Person detection with a TensorFlow model

We can't detect an object without first training a model. Training a model requires significant resources in order to perform the calculations to set the weights and neural biases. This is usually done using backpropagation, but it depends on the techniques that are being used. The problem that is encountered by many embedded engineers looking to use machine learning is that once they train their model, they need to convert that model to something that can run within a resource constrained environment.

Working from within an embedded environment often limits the number of neural layers that can be included in a model. Models that are generated using popular tools such as Caffe or TensorFlow also generate their models in floating point. As you know, floating-point calculations are notoriously slow and cumbersome within a microcontroller environment. For this reason, once a model is trained, it needs to be quantized and optimized in order to move to fixed point mathematics and reduce the model size. This is often done using scripts that are provided by Arm to convert a model for use with TFLu and CMSIS-NN. Thankfully, we don't have to develop those scripts ourselves.

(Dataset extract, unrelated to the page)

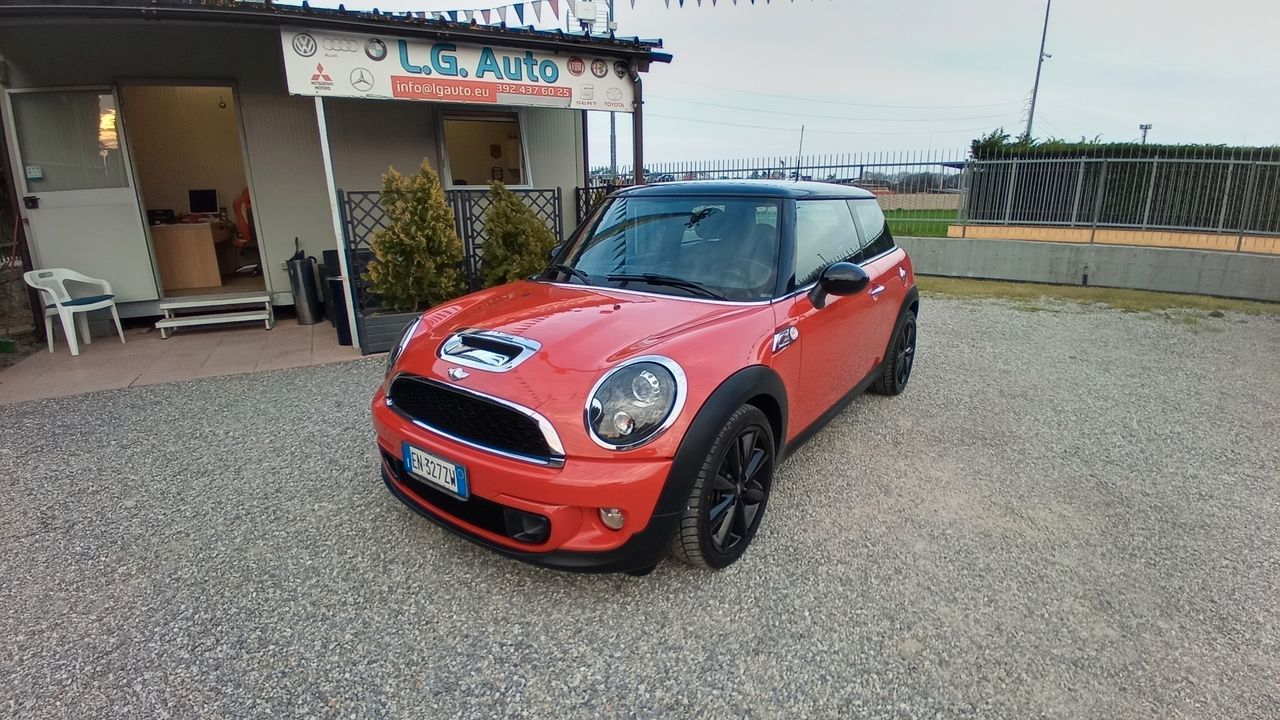 Mini Cooper S Mini Cooper S 3��serie 1.6 184cv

A very useful blog that you can read through on the process can be found at https://community.arm.com/innovation/b/blog/posts/low-power-deep-learning-on-openmv-cam.

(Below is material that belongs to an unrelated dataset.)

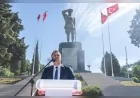 Bornova Belediye Başkanı Ömer Eşki: “Cumhuriyet değerlerini sonsuza kadar yaşatacağız”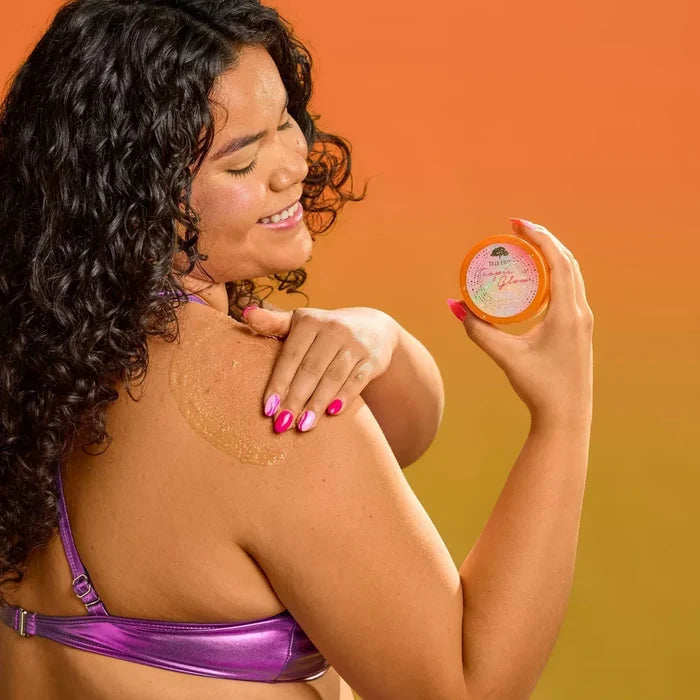 Tropic Glow Mini Shea Sugar Body Scrub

What's great about this blog is that it even explains how you can convert a Caffe model specifically for use on the OpenMV module! All the steps are necessary to train and deploy a model using Caffe.

You may be wondering though, what about TensorFlow? TensorFlow is too resource-heavy to be used with a microcontroller directly; instead, TensorFlow Lite (TF Lite) could be used. TF Lite is an open source deep learning framework for on-device inferences. TF Lite for MCUs is an experimental port of TensorFlow Lite that is designed to run inferences on microcontrollers with only a few kilobytes of memory! For readers who are interested, you can find the port at https://github.com/tensorflow/tensorflow/tree/master/tensorflow/lite/experimental/micro.

The process to deploy a TF Lite model onto an embedded target is straightforward. You can see the general process in the following diagram:

TF Lite for MCUs has also been integrated within MicroPython through the OpenMV project! You can check out the details at http://docs.openmv.io/library/omv.tf.html. For the most part, this integration is completely seamless for a developer and it is just useful for a developer to understand what is happening behind the scenes even though they don't have to do any of the integration themselves.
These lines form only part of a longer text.